My simple proposition:
Differentiate cores into two types: De Jure cores and De Facto Cores. De Jure cores are the official lands of your people, where your fellow countrymen live and you have a nationalistic right to. De Facto cores are just any land you've cored that are not De Jure cores.
Forming cores and everything else works exactly as it does now, the only difference being the direct differences between De Facto and De Jure cores.
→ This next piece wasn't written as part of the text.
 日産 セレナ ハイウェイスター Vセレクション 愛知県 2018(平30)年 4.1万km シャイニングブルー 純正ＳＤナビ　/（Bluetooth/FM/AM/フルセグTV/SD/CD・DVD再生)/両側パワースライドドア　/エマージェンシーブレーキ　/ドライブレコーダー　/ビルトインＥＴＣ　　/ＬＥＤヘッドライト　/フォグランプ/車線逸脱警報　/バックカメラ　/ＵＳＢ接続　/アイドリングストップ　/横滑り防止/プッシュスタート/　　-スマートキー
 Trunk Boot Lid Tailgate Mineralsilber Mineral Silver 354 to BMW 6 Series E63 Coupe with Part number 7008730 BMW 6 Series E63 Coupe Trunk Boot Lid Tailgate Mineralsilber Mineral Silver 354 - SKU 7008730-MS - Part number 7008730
De Jure cores only apply to cores you own of your primary culture (or, alternatively, accepted cultures, but I feel this would be much less consistent and could lead to things shifting around a lot in the middle of a game, which many would find rather annoying, myself included) and, for empires,. the primary culture group. These grant extra benefits on top of normal cores. They are much cheaper to develop
during peace time, thus allowing you to counteract the wideness of empires with tallness to a large degree, without giving you a ridiculous discount to development in all cores, which would only encourage even more playing wide as you'd want to expand to have more land that is cheap to develop (
especially for trade). The length of war and peace time countdown modifiers can be varied based on the type of war: aggressive wars cost the most, aggressive call to arms cost less, defensive call to arms even cost less, and defensive wars cost the least. This reflects a nation having to mobilize for long war or letting its economy settle down for peace time expansion.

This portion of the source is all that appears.